Performance metrics align with business outcomes 

New approaches to performance metrics are required – closely linked to the required business outcomes. This is leading to fewer performance metrics – and an overall simplification of performance management. 

New contract frameworks

As-A-Service requires new outcome-based contract frameworks to deliver the required agility and flexibility. It requires new approaches to termination rights. It also requires new approaches to change management that are more sophisticated and multi-layered than we have seen in the past, with close integration between governance and contract frameworks.

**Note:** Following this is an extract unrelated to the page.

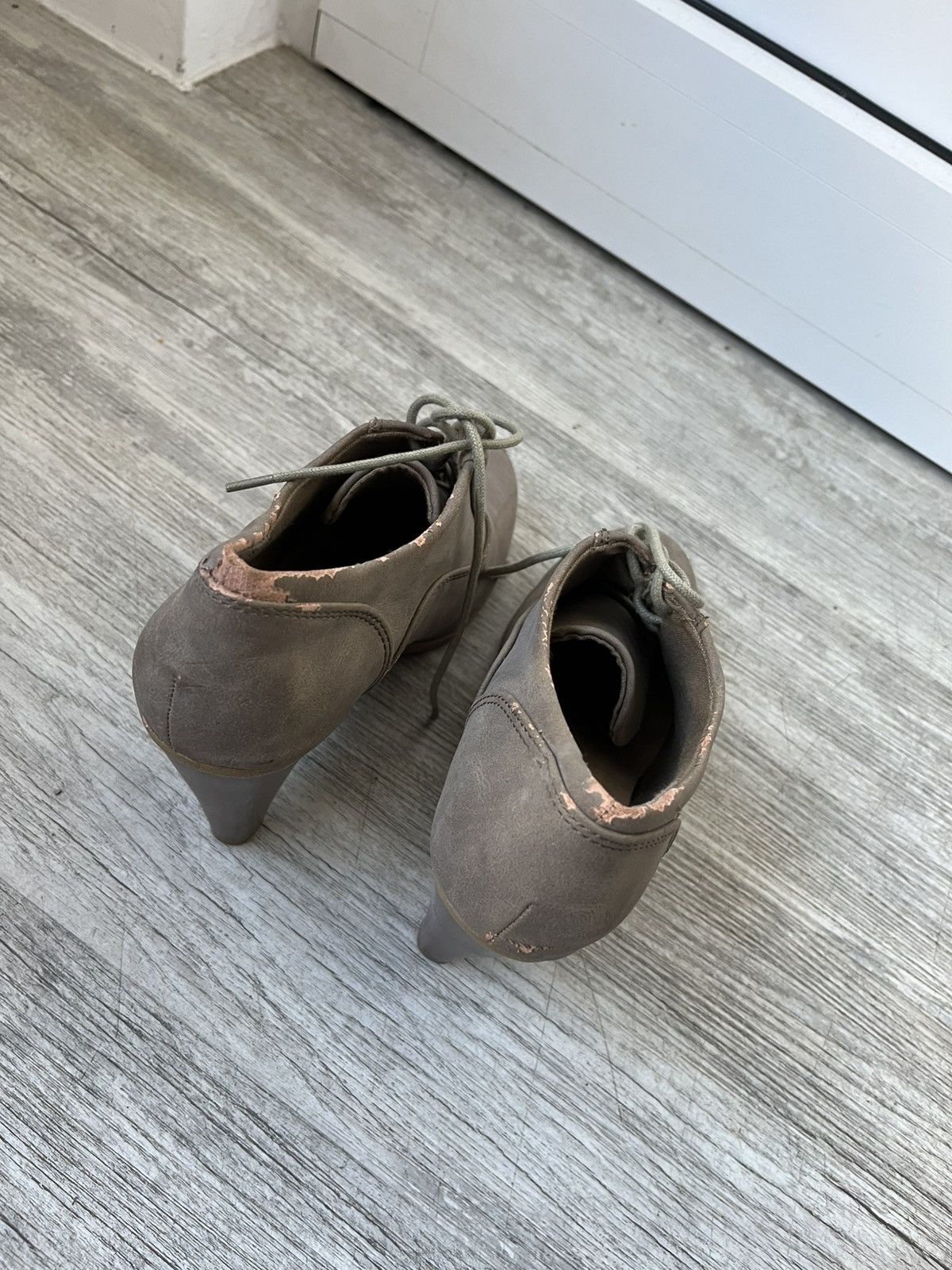 Other JUMEX® highheels tie up beige Size US 9.5 / IT 39.5 - 3 Thumbnail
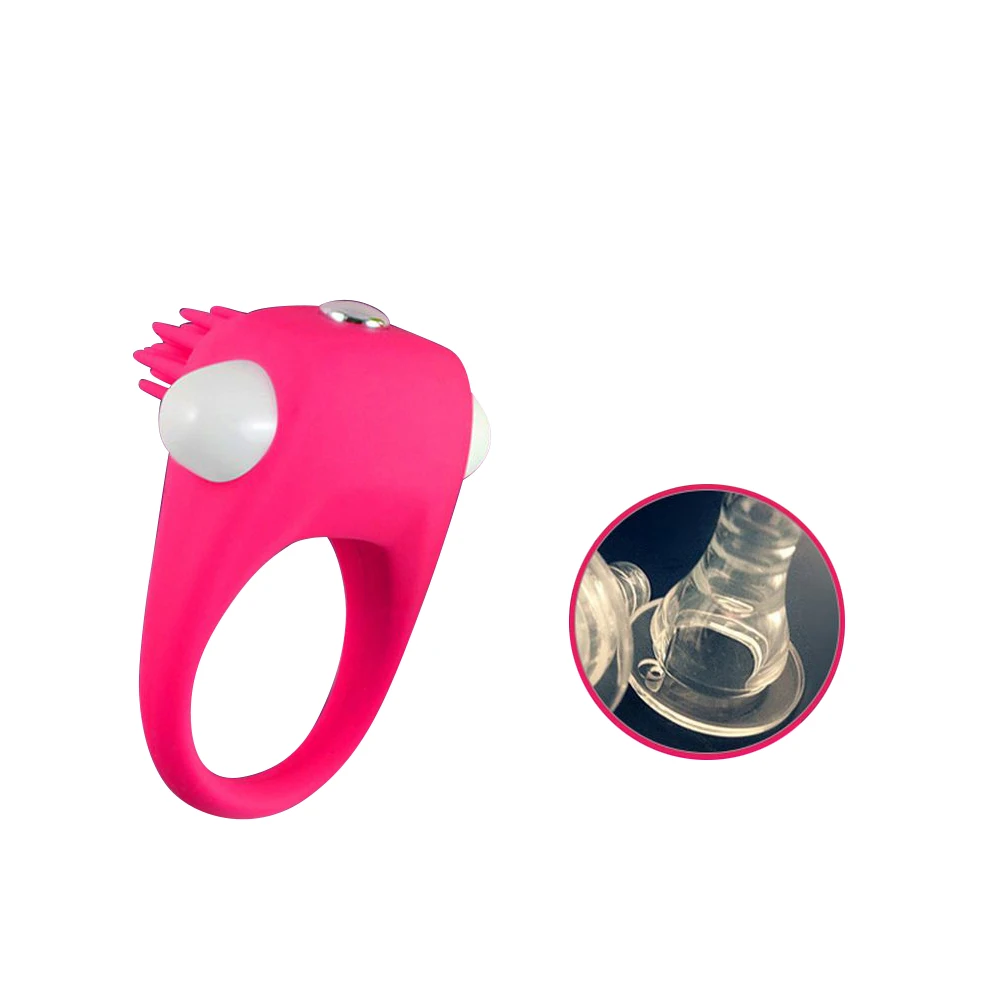 Безопасное Силиконовое вибрирующее кольцо для пениса члена задержка эякуляции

Change is no longer “by exception”. The contract need to be a living document – a tool for driving ongoing changes that are focused around value, innovation, ongoing competitiveness and achieving business outcomes.

New governance models 

New governance models are emerging to support new ways of working together. Governance is no longer just about managing to prescriptive contract requirements – it is built around collaboration and strategic partnerships to achieve the required business outcomes, and deliver ongoing innovation and competitiveness. 

Short-term commitments 

As-A-Service arrangements generally don’t require business customers to make long-term commitments to particular solutions. Instead, the onus is on service providers to earn customer loyalty by delivering ongoing service improvement.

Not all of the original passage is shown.